Optimal Gait Design for a Soft Quadruped Robot via Multi-fidelity Bayesian Optimization
Kaige Tan, Xuezhi Niu, Qinglei Ji, Lei Feng, Martin Törngren
TL;DR
This work tackles gait optimization for a tendon-driven soft quadruped by learning a parametric Hopf-CPG-based gait pattern and optimizing it with multi-fidelity Bayesian optimization to bridge the reality gap between simulation and real hardware. By coupling a GP-based BO, MTGP-based MFBO across fidelity levels, and an edge-computing architecture, the approach enables efficient sim-to-real adaptation and online refinement of gait parameters, reducing data and time requirements. The key contributions include a parametric gait generator tied to inverse kinematics, a MFBO framework for sim-to-real transfer, and an edge-enabled architecture that sustains real-time control. The results demonstrate substantial performance gains in physical deployment (e.g., MFBO achieving up to a 52.7% improvement over baselines) and effective bandwidth/latency benefits from edge off-loading, highlighting practical impact for soft-robotic locomotion in real-world settings.
Abstract
This study focuses on the locomotion capability improvement in a tendon-driven soft quadruped robot through an online adaptive learning approach.
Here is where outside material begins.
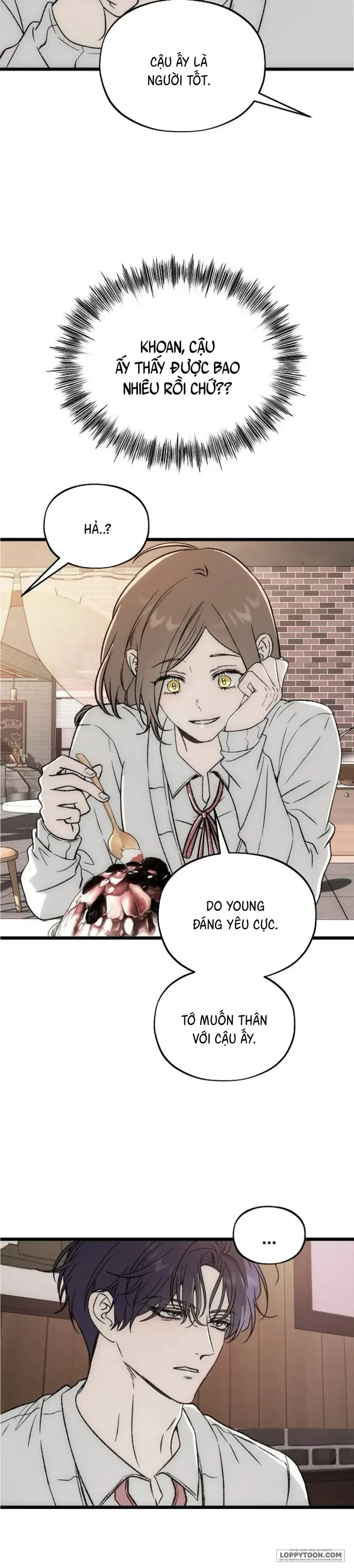Khao Khát Khôn Nguôi Chapter 4 - Trang 43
Leveraging the inverse kinematics model of the soft quadruped robot, we employ a central pattern generator to design a parametric gait pattern, and use Bayesian optimization (BO) to find the optimal parameters. Further, to address the challenges of modeling discrepancies, we implement a multi-fidelity BO approach, combining data from both simulation and physical experiments throughout training and optimization. This strategy enables the adaptive refinement of the gait pattern and ensures a smooth transition from simulation to real-world deployment for the controller. Moreover, we integrate a computational task off-loading architecture by edge computing, which reduces the onboard computational and memory overhead, to improve real-time control performance and facilitate an effective online learning process. The proposed approach successfully achieves optimal walking gait design for physical deployment with high efficiency, effectively addressing challenges related to the reality gap in soft robotics.